MCP vs CLI Tools for AI Agents: Which to Use and When

Every MCP server you install is a silent tax on every conversation you have after that. You pay it whether or not the tool gets called.

The instinct makes sense. A new capability appears. Someone publishes an MCP server for it. You install, configure, forget. Repeat until your tool list is fourteen entries long and every session opens by burning eighteen thousand tokens on schemas the model may never invoke that day.

I run an AI coding agent daily. I built a 13-app crypto fintech solo with AI agents in 70 days. In that sprint I learned one thing about MCP and CLI faster than everything else: the protocol is not the bottleneck the ecosystem pretends it is. The shell handles most of it cheaper, and you only notice the gap when you start watching where the tokens go.
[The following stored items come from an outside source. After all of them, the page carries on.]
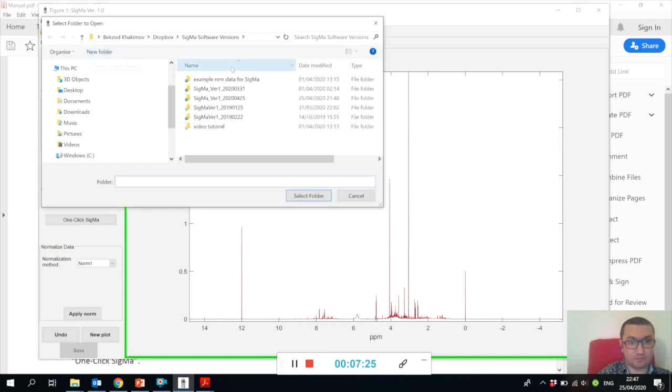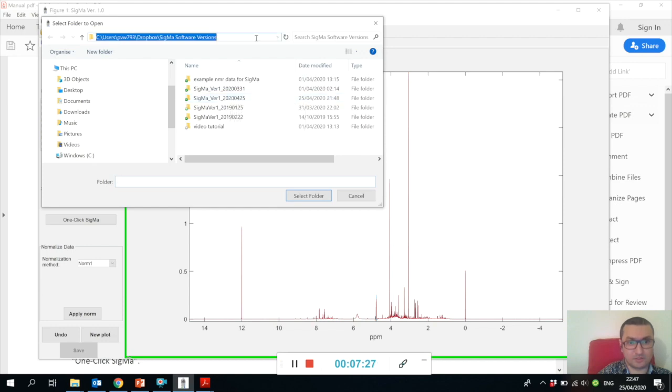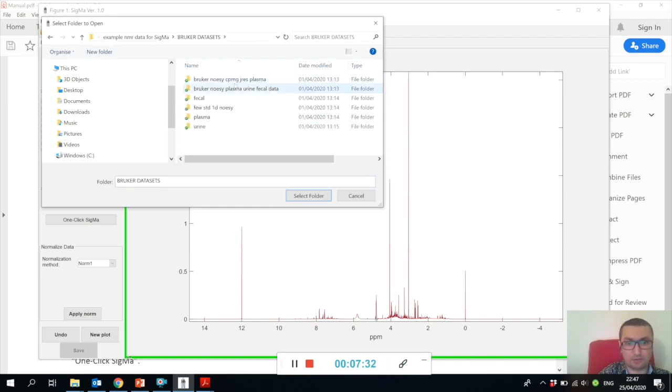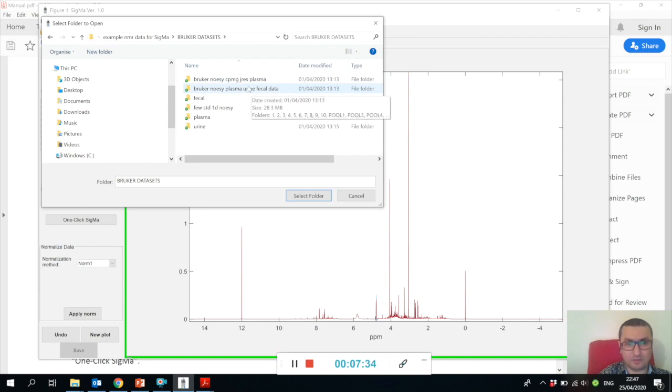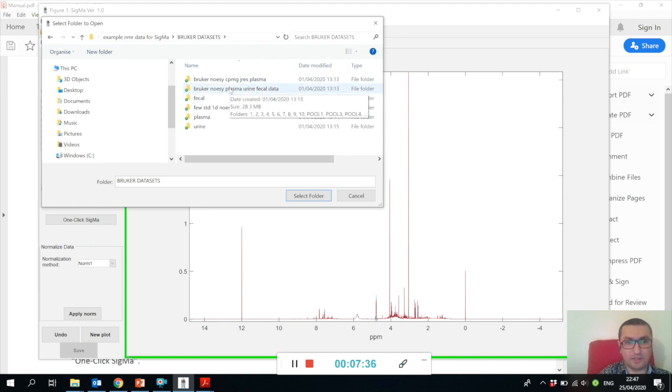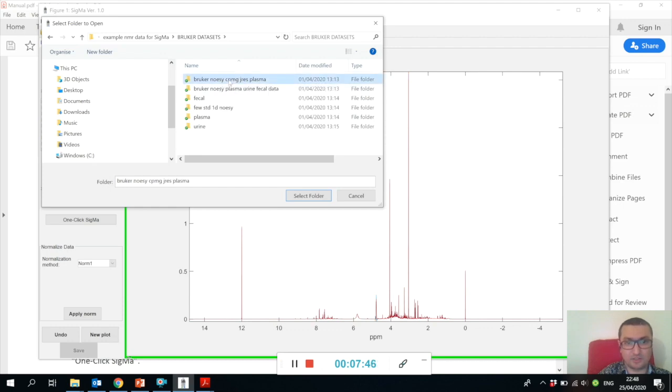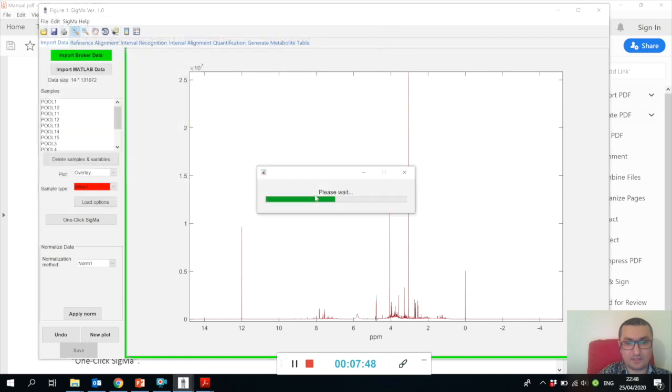Let me show you how Sigma checks your data compatibility when you open the raw Bruker data files. For example, let me try to upload completely incompatible datasets. Let's say we are trying to open Bruker plasma datasets acquired by three different pulse sequences - NOESY, CPMG, and JRES - and let's see what happens.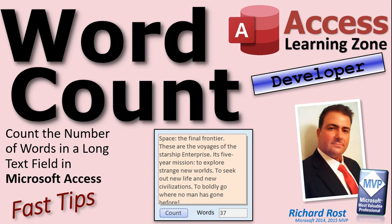Welcome to another Fast Tips video brought to you by AccessLearningZone.com. I am your instructor, Richard Rost. In today's video, we're going to talk about word count. I'm going to show you how to count the number of words in a text field, specifically a long text field, but you could do a short text field if you wanted to, in your Microsoft Access database.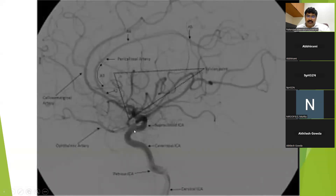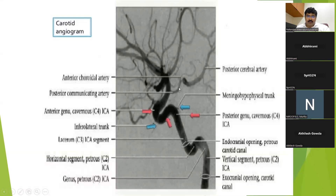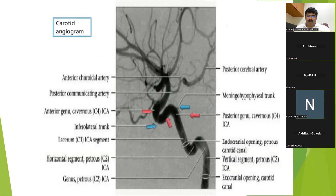This is the ICA, this is the ophthalmic artery, this is the callosomarginal artery which sits over the cingulate sulcus, and this is the pericallosal artery which sits over the corpus callosum. This is the prominent PCOM — the posterior communicating artery. The cavernous segment has an anterior genu and a posterior genu, and this part is called the carotid siphon.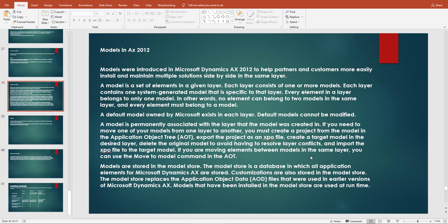Each layer can contain one system-generated model that is specific to that layer. Every element in a layer belongs to only one model. For example, one table can belong to only one model — no element can belong to two models in the same layer.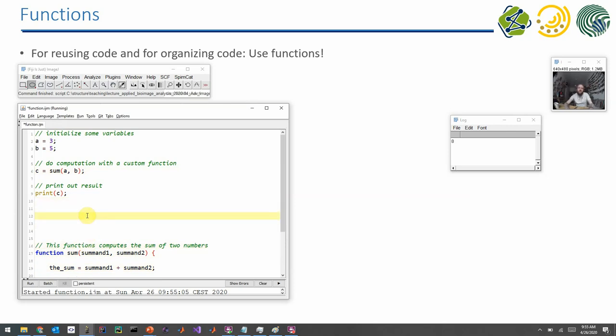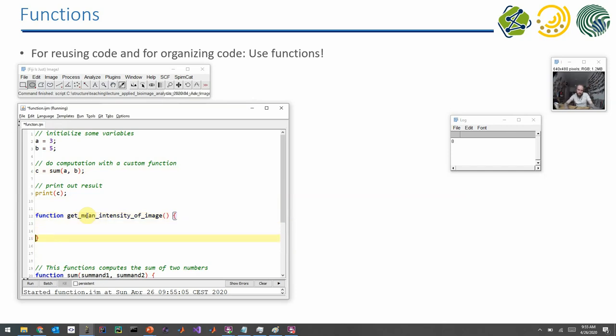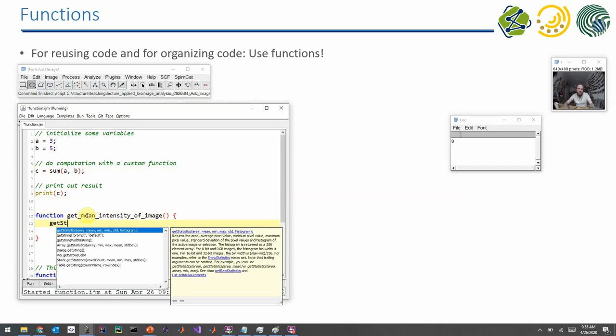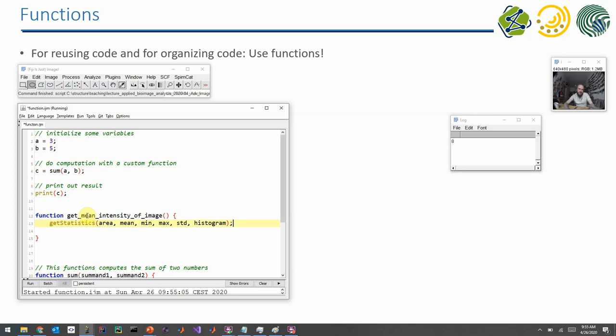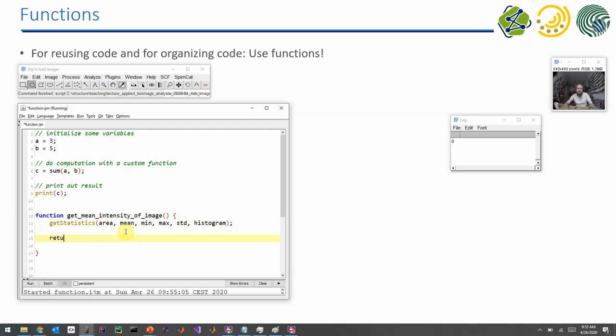But what you can also do is you can define the function for particular purposes, like doing the following: get mean intensity of image. And then you call the get statistics command. That's a different function. And it delivers, among other parameters, it delivers the mean. And then you can return the mean value. You can in functions also apply a threshold, apply a Gaussian blur, count the number of objects, and then return the number of objects.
MCP adds tokens before you type anything

Here is the mechanic. When your agent starts, every registered MCP server pushes its tool schemas into the context window. Not lazily. Not on demand. All of them, up front, every session, whether or not you use them today.

A popular MCP server can consume 13,000 to 18,000 tokens of context before you have typed a single character. That is roughly seven to nine percent of a 200k window, gone. Run three or four MCP servers and the math compounds. You have spent a meaningful fraction of your entire context budget on schema definitions for capabilities that may never run in that session.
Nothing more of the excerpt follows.